| YOUR INSTRUCTIONS |
Beginning at the top of the data below, write out every line exactly until you reach the line with "Hyundai Sonata-4", and include that line.

| MATERIAL FOR THIS TASK |

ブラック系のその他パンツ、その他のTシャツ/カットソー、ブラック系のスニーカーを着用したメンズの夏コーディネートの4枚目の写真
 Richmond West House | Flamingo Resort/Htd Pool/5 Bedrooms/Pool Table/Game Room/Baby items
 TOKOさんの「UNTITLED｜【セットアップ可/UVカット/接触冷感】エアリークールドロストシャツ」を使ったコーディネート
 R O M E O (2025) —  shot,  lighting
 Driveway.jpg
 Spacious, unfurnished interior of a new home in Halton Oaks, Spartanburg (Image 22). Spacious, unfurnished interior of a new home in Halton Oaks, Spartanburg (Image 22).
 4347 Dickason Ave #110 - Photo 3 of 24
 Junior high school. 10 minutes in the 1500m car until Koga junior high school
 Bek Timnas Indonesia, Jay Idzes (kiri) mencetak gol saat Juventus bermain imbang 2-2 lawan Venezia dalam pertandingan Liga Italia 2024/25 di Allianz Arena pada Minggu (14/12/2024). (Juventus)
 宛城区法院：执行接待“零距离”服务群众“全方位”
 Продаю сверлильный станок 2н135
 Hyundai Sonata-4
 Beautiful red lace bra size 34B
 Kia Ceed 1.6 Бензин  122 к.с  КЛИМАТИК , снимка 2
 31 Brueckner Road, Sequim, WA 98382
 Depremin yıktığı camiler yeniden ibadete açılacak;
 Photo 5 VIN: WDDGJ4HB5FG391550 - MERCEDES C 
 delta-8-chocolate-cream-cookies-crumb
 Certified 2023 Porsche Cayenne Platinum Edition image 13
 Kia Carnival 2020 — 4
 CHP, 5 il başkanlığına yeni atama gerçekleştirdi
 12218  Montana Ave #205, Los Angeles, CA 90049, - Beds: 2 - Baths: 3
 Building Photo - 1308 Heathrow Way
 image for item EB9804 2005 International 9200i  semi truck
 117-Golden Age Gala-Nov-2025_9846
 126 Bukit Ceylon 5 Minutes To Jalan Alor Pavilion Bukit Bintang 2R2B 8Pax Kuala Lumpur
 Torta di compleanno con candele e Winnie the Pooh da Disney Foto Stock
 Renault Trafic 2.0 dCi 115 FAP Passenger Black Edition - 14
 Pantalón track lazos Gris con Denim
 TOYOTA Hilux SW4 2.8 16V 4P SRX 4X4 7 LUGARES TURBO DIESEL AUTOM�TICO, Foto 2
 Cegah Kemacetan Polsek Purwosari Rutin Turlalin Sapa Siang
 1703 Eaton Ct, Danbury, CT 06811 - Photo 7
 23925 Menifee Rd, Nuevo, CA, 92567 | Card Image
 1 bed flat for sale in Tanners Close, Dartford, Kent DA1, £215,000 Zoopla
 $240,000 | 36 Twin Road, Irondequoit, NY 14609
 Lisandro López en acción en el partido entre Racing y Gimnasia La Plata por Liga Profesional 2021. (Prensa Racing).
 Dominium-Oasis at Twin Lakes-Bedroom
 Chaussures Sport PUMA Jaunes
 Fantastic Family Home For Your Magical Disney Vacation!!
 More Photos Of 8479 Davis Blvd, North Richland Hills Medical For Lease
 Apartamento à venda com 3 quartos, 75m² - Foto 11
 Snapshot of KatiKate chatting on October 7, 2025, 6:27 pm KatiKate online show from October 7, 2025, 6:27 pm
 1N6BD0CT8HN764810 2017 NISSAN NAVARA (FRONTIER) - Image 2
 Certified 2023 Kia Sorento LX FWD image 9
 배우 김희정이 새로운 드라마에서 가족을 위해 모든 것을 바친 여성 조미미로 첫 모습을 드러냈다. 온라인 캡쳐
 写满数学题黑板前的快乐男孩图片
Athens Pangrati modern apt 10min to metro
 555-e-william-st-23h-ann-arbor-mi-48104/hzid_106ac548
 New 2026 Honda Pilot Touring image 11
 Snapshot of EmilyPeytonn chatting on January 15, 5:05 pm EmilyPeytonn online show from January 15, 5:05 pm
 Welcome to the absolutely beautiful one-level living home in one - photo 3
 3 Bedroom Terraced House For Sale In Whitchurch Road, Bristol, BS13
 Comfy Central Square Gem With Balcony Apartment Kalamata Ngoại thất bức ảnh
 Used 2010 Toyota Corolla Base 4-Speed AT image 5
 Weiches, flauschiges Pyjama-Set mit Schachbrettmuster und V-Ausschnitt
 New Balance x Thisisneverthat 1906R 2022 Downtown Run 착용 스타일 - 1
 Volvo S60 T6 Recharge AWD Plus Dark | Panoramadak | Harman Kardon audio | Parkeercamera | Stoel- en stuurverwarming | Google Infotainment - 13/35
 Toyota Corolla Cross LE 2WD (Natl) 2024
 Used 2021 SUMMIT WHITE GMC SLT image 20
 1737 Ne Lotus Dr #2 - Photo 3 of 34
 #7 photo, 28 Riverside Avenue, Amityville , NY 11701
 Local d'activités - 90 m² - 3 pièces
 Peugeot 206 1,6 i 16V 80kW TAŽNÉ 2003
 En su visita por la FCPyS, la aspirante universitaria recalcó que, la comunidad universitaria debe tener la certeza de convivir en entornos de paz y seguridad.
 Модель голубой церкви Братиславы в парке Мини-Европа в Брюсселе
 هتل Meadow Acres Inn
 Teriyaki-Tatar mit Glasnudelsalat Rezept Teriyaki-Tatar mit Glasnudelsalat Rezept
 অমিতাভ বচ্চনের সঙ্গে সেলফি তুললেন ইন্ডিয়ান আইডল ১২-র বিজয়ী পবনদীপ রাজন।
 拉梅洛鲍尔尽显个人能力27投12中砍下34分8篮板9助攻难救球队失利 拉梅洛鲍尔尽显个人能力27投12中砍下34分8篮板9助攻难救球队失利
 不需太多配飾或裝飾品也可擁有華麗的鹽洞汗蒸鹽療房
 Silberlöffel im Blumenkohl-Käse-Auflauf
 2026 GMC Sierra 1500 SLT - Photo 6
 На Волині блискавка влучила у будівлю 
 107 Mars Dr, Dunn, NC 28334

| OUTPUT OF THE TASK |
ブラック系のその他パンツ、その他のTシャツ/カットソー、ブラック系のスニーカーを着用したメンズの夏コーディネートの4枚目の写真
 Richmond West House | Flamingo Resort/Htd Pool/5 Bedrooms/Pool Table/Game Room/Baby items
 TOKOさんの「UNTITLED｜【セットアップ可/UVカット/接触冷感】エアリークールドロストシャツ」を使ったコーディネート
 R O M E O (2025) —  shot,  lighting
 Driveway.jpg
 Spacious, unfurnished interior of a new home in Halton Oaks, Spartanburg (Image 22). Spacious, unfurnished interior of a new home in Halton Oaks, Spartanburg (Image 22).
 4347 Dickason Ave #110 - Photo 3 of 24
 Junior high school. 10 minutes in the 1500m car until Koga junior high school
 Bek Timnas Indonesia, Jay Idzes (kiri) mencetak gol saat Juventus bermain imbang 2-2 lawan Venezia dalam pertandingan Liga Italia 2024/25 di Allianz Arena pada Minggu (14/12/2024). (Juventus)
 宛城区法院：执行接待“零距离”服务群众“全方位”
 Продаю сверлильный станок 2н135
 Hyundai Sonata-4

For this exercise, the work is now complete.